In reality, the circuit will be loaded by the input impedance of the next (amplifier) stage. Draw the small signal equivalent circuit, including the input resistance $R_{\mathit{in},\mathit{NEXT}}$ of the next amplifier stage

c)

Derive an expression for the voltage gain $a_v$ of the input stage, loaded by the input resistance $R_{\mathit{IN},\mathit{NEXT}}$ of the next stage.

d)

Derive an expression for the input resistance of the pre-amplifier input stage.

e)

Calculate the required bias collector current $I_C$ for an input resistance of $250\mathrm{\Omega }$ (apparently the optimum value for the selected microphone).

f)

We assume for now that $R_{\mathit{IN},\mathit{NEXT}}$ of the next stage is $40k\mathrm{\Omega }$. Derive an equation for $R_C$ to obtain a voltage gain $a_v=80$ of the input stage.

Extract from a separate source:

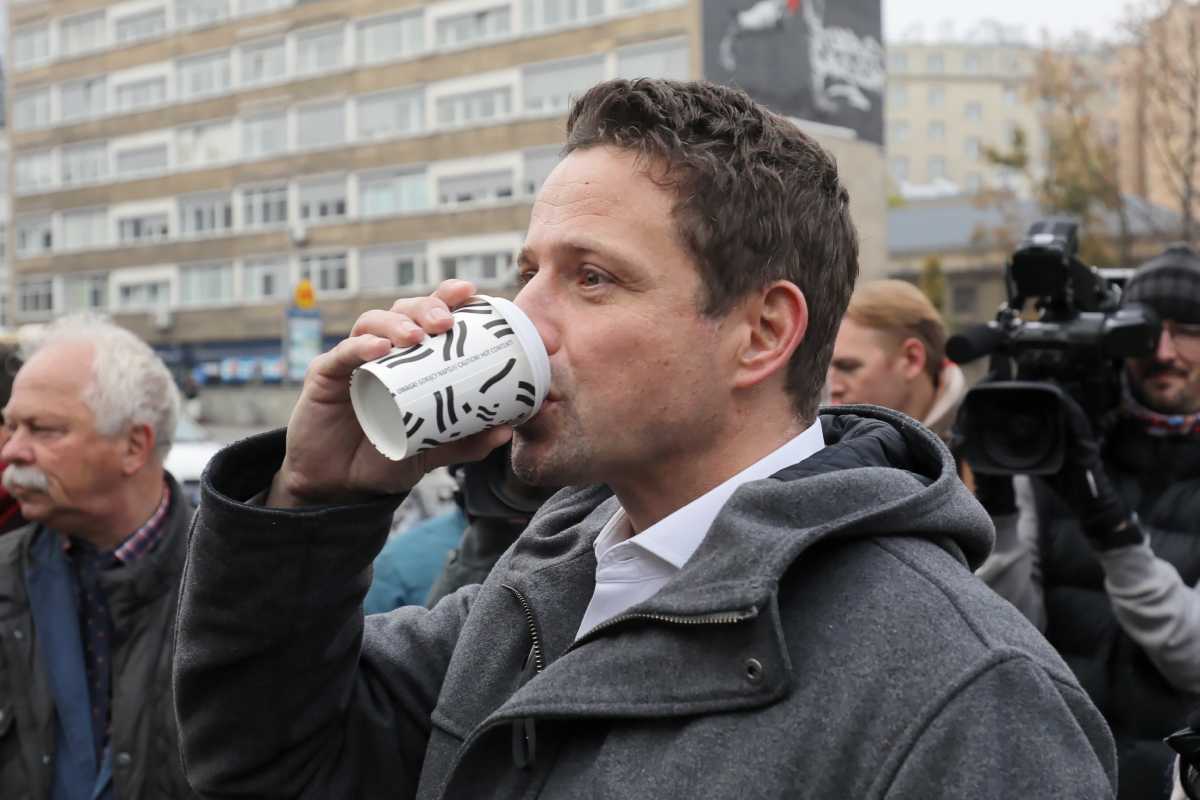 Kontrowersje wokół losowania przed debatą w TVP. Poszło o Trzaskowskiego. „Niesamowity szczęściarz”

The following figure shows the schematic of a second amplifier stage that is used to further amplify the voltage from the input stage reported above. To reduce the distortion due to the relatively large signal levels, emitter degeneration is used via resistor $R_{E1}$. Again, $V_{\mathit{CC}}=12V$, $\mathit{\beta fe}=200$, and for the signal frequencies of interest all capacitors may be considered as low-ohmic.

g)

Draw the small signal equivalent circuit for this second amplifier stage.

h)

Derive an expression for the voltage gain of this second amplifier stage.

i)

Derive an expression for the small-signal input resistance $r_{\mathit{in}}$ of the second amplifier stage.

j)

The second amplifier stage is dimensioned as follows: $R_C=3k\mathrm{\Omega }$, $R_{E1}=300\mathrm{\Omega }$, $R_{E2}=600\mathrm{\Omega }$, $R_{B1}=400k\mathrm{\Omega }$, $R_{B2}=100k\mathrm{\Omega }$. Calculate the numerical value of the input resistance of the second amplifier stage. Is it smaller or larger than the assumption of $40k\mathrm{\Omega }$? How does this affect the voltage gain of the input stage?